Pseudo-Currencies in Elementary School

Remembering the things we bought and traded at a young age

By: Carter Starkey

It’s the year 2009, and you walk into an ordinary elementary school. You walk past art rooms with finger-painted turkeys plastered on the walls, math rooms where kids are being introduced to the dubious concepts of algebra and arithmetic, and find that many of the kids are having recess. Suddenly, you stumble upon a room of excited children trading chestnut-sized plastic toys called Bakugan. When one touches a specific surface, it pops out of its spherical shape, slightly resembling a dragon or a snake. Looking back, it is a bit of a lackluster trick. Nevertheless, these things have immense value within the walls of an elementary school.

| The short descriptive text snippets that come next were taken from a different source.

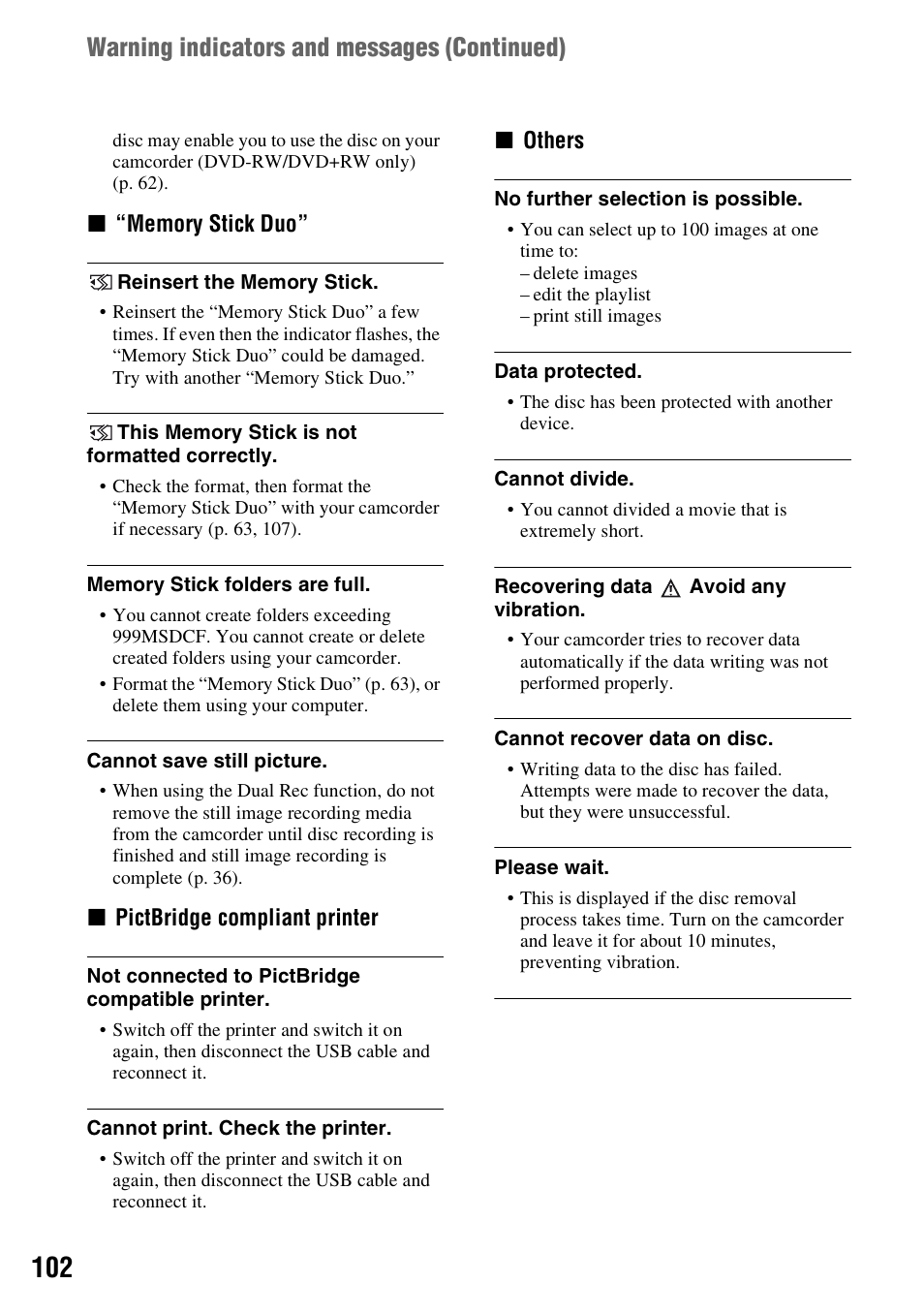Warning indicators and messages (continued) | Sony HDR-UX5 User Manual | Page 102 / 143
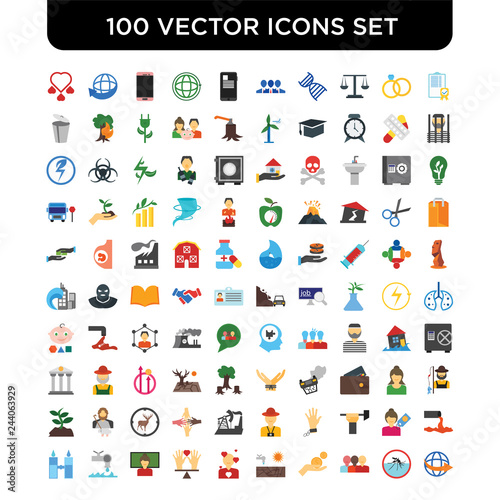 Set of 100 Vector icons such as Policy, Malaria, Population, Poverty, Drought, In love, Human rights, Teacher, Faucet, Desalination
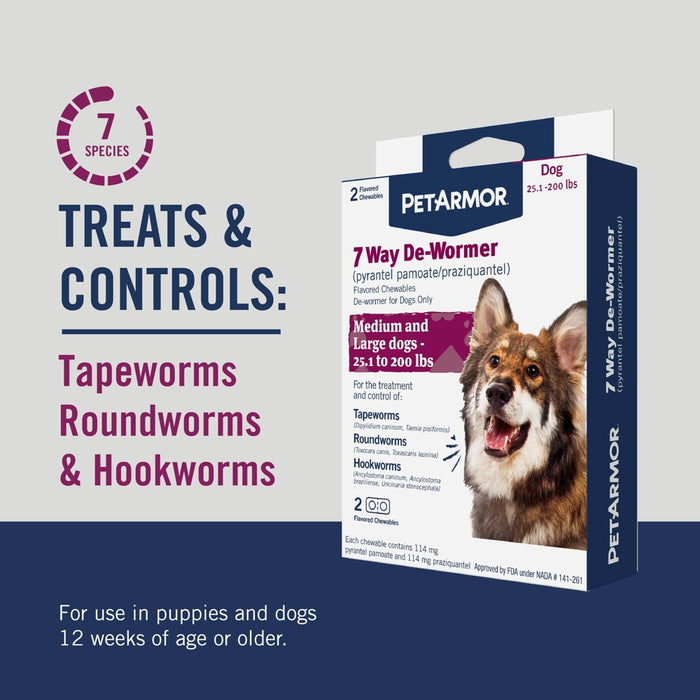 PetArmor 7-Way Deworm Dog Insect Treatment for Dogs - Above 25lbs EXP 08/2025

Out on the playground, you notice that kids are huddled in groups. You may see a dollar bill or two being passed around and countless wrists adorned with Sillybandz: a whole underground market of trading them back and forth. At the school store, you find lines of students waiting eagerly to buy eraser tops shaped like farm animals with their allowances. Not only did these things have value, but they acted as a language for us to explore our wants and desires from a young age.

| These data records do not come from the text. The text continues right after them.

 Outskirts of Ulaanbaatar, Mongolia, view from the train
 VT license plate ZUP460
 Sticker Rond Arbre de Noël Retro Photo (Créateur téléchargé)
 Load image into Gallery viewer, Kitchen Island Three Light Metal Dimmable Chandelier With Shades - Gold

Who knows why these small, underground markets pop up or why these items become pseudo-currencies for kids who don’t even know that word. Before any of this, kids traded snack cakes at lunch tables. Maybe it’s in our nature to turn to our neighbor, see the cool stuff they have, and make some of our very first economic decisions in order to get something cool of our own. Maybe it was the corporations’ doing, designing things like toys and cards to be traded amongst groups of friends. 

In the year 2022, there is no telling exactly why this phenomenon occurs. Instead, we can be thankful for some of our earliest obsessions and look back at them with the fondness they deserve.